The response from the international art scene has been twofold. In addition to extending their helping hand to Ukraine, many institutions have suspended their relationships with Russia’s collectors and state-run institutions. Sotheby’s and Christies’ have both canceled their Spring Russian Art auctions while the Russian-owned auction house Philips has received international condemnation.

Museums with Russian art currently on view, meanwhile, are still trying to craft their next step. The Victoria & Albert Museum’s Fabergé in London: Romance to Revolution features many imperial eggs, including those that have never been previously exhibited in the UK, as well as archival ephemera related to Carl Fabergé’s craft. The V&A has declined to comment on the fate of the currently sold-out show which is scheduled to run through May 8. Fondation Louis Vuitton on the other hand has extended the closing date of its exhibition The Morozov Collection: Icons of Modern Art from February 22 to April 3. The expansive affair, which is organized in collaboration with Russia's State Hermitage Museum, the Pushkin State Museum of Fine Arts, and the Tretyakov Gallery, includes two hundred French and Russian works of Imperialist and Modern art from the collection of Morozov brothers. Fondation Louis Vuitton’s former collaborative exhibition with Russian state museums, Shchukin Collection, saw 1.3 million visitors in 2016.
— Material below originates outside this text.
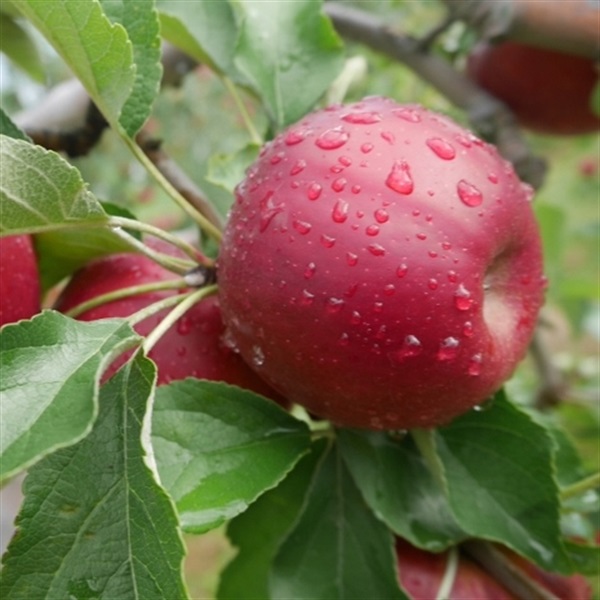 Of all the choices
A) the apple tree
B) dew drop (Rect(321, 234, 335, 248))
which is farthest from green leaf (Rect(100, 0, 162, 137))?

Photo credit: Justin Tallis - Getty Images
Photo credit: Justin Tallis - Getty Images

“The resilience of Ukrainians can not be underestimated, and from that perspective, the resilience of Ukrainian art cannot be underestimated,” says Geldhof. A sign proved the director’s sentiment on March 9, during our conversation: artist Nikita Kadan won the prestigious Taras Shevchenko National Prize—the nation’s highest in the cultural sector—for his PinchukArtCentre exhibition Stone Hits Stone about the post-Soviet heritage. Khalizeva and Balashova’s vision supports the resilience among the country’s art community. After Venice Biennale, their hope is to participate in other international shows, such as the quinquennial exhibition documenta in Kassel or the European nomadic biennial Manifesta. “We will continue our search for places to tell the stories of our artists and people,” says Khalizeva.